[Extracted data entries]
##########

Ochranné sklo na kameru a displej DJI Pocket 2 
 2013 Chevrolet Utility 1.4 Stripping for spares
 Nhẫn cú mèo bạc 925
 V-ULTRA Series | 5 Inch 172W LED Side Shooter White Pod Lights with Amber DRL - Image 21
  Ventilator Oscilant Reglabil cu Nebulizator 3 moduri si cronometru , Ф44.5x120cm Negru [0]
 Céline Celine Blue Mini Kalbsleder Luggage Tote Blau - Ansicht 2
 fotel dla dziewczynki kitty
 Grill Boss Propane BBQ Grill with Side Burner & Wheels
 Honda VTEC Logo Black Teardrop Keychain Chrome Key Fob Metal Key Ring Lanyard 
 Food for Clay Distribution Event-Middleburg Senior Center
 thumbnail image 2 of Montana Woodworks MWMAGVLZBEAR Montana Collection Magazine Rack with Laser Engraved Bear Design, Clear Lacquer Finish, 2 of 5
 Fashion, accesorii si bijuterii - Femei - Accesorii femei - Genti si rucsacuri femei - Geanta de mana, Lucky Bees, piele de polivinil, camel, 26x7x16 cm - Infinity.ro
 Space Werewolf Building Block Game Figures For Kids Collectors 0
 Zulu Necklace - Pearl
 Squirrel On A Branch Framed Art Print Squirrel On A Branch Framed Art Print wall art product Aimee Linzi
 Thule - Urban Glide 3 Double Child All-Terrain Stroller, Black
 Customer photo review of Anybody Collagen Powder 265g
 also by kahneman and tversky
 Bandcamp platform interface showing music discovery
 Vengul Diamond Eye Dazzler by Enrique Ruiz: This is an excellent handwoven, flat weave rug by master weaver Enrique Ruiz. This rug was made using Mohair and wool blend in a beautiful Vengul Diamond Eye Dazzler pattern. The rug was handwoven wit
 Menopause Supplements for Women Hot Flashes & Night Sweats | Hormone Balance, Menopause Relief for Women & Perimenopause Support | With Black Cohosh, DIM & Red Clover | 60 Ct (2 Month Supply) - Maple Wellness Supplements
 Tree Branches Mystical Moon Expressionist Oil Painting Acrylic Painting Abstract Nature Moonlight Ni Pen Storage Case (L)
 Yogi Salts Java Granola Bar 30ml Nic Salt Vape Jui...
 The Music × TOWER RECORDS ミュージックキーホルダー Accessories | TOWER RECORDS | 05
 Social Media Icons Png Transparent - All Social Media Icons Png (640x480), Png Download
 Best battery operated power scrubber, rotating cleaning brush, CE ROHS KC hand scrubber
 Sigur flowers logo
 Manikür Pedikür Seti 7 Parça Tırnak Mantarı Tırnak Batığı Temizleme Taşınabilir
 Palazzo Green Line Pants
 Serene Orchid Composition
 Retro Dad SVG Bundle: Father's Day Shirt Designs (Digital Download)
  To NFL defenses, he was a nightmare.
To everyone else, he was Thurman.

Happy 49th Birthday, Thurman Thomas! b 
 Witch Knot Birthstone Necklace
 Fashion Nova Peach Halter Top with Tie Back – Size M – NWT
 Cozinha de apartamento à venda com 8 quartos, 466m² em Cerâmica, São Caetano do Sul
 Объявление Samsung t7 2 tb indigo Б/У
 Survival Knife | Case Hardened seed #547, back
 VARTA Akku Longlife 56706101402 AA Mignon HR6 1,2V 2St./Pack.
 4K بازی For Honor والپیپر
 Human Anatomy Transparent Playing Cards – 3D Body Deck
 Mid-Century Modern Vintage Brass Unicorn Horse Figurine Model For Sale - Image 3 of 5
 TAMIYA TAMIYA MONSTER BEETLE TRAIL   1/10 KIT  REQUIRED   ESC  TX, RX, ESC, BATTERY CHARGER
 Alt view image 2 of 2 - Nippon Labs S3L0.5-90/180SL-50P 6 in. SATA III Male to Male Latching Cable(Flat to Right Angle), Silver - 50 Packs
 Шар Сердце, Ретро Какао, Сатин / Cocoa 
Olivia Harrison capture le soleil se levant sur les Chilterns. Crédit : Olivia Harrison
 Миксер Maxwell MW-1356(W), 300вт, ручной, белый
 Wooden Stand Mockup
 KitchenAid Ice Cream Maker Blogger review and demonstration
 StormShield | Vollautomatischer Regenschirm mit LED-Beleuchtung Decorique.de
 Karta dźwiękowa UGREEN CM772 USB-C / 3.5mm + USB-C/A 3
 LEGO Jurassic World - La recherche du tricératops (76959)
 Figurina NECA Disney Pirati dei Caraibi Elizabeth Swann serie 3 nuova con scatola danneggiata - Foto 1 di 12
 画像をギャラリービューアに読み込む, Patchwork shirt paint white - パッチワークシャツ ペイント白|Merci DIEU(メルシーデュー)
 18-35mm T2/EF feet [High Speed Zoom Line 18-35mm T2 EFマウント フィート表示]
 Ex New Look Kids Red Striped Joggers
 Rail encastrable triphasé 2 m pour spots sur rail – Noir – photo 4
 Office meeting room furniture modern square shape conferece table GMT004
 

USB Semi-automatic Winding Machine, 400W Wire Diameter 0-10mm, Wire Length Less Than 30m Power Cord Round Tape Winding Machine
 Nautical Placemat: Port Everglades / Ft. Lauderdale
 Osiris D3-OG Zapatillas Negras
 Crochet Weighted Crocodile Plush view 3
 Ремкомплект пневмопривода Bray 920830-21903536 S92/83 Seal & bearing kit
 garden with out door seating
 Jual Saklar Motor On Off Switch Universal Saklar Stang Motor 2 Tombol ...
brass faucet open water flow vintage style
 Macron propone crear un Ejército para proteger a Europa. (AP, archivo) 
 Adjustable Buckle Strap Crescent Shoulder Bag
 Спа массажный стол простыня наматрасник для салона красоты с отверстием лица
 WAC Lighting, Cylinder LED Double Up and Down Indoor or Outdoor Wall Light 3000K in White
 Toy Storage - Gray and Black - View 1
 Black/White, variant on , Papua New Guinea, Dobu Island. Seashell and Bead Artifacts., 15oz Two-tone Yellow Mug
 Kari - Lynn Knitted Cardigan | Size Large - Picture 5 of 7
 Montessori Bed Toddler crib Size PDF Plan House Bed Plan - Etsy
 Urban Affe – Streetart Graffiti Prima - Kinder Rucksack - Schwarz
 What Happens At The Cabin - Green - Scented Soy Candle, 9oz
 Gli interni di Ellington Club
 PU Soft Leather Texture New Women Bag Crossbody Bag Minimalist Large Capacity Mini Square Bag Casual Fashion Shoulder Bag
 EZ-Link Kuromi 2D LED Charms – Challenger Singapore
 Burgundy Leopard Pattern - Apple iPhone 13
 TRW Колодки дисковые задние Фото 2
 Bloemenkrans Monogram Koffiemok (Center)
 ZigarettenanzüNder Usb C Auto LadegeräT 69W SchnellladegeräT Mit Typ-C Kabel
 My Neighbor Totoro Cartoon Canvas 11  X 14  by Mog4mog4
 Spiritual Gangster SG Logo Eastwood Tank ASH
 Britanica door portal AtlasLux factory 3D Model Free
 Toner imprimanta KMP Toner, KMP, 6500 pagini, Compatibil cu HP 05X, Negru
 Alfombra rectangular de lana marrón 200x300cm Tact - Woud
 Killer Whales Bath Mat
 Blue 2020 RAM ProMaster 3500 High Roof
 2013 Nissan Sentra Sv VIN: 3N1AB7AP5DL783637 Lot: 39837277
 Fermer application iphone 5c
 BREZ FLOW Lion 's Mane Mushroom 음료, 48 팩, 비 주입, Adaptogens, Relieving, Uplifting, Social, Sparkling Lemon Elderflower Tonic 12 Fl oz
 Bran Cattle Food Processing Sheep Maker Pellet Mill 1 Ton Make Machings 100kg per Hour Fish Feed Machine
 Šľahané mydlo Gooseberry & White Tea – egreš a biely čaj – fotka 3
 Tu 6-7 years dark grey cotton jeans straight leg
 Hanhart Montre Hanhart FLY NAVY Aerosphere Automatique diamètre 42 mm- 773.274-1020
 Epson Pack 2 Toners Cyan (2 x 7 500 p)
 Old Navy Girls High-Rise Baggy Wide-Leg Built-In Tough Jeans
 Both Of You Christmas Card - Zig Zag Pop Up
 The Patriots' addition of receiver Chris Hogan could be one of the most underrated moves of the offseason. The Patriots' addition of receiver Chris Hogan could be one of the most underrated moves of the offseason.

##########

• _PROBLEM TO WORK ON_
The answer must hold exactly the lines of the entries above, from the first line through the line that contains "Palazzo Green Line Pants", and no others.

• _ANSWER TO THIS EXERCISE_
Ochranné sklo na kameru a displej DJI Pocket 2 
 2013 Chevrolet Utility 1.4 Stripping for spares
 Nhẫn cú mèo bạc 925
 V-ULTRA Series | 5 Inch 172W LED Side Shooter White Pod Lights with Amber DRL - Image 21
  Ventilator Oscilant Reglabil cu Nebulizator 3 moduri si cronometru , Ф44.5x120cm Negru [0]
 Céline Celine Blue Mini Kalbsleder Luggage Tote Blau - Ansicht 2
 fotel dla dziewczynki kitty
 Grill Boss Propane BBQ Grill with Side Burner & Wheels
 Honda VTEC Logo Black Teardrop Keychain Chrome Key Fob Metal Key Ring Lanyard 
 Food for Clay Distribution Event-Middleburg Senior Center
 thumbnail image 2 of Montana Woodworks MWMAGVLZBEAR Montana Collection Magazine Rack with Laser Engraved Bear Design, Clear Lacquer Finish, 2 of 5
 Fashion, accesorii si bijuterii - Femei - Accesorii femei - Genti si rucsacuri femei - Geanta de mana, Lucky Bees, piele de polivinil, camel, 26x7x16 cm - Infinity.ro
 Space Werewolf Building Block Game Figures For Kids Collectors 0
 Zulu Necklace - Pearl
 Squirrel On A Branch Framed Art Print Squirrel On A Branch Framed Art Print wall art product Aimee Linzi
 Thule - Urban Glide 3 Double Child All-Terrain Stroller, Black
 Customer photo review of Anybody Collagen Powder 265g
 also by kahneman and tversky
 Bandcamp platform interface showing music discovery
 Vengul Diamond Eye Dazzler by Enrique Ruiz: This is an excellent handwoven, flat weave rug by master weaver Enrique Ruiz. This rug was made using Mohair and wool blend in a beautiful Vengul Diamond Eye Dazzler pattern. The rug was handwoven wit
 Menopause Supplements for Women Hot Flashes & Night Sweats | Hormone Balance, Menopause Relief for Women & Perimenopause Support | With Black Cohosh, DIM & Red Clover | 60 Ct (2 Month Supply) - Maple Wellness Supplements
 Tree Branches Mystical Moon Expressionist Oil Painting Acrylic Painting Abstract Nature Moonlight Ni Pen Storage Case (L)
 Yogi Salts Java Granola Bar 30ml Nic Salt Vape Jui...
 The Music × TOWER RECORDS ミュージックキーホルダー Accessories | TOWER RECORDS | 05
 Social Media Icons Png Transparent - All Social Media Icons Png (640x480), Png Download
 Best battery operated power scrubber, rotating cleaning brush, CE ROHS KC hand scrubber
 Sigur flowers logo
 Manikür Pedikür Seti 7 Parça Tırnak Mantarı Tırnak Batığı Temizleme Taşınabilir
 Palazzo Green Line Pants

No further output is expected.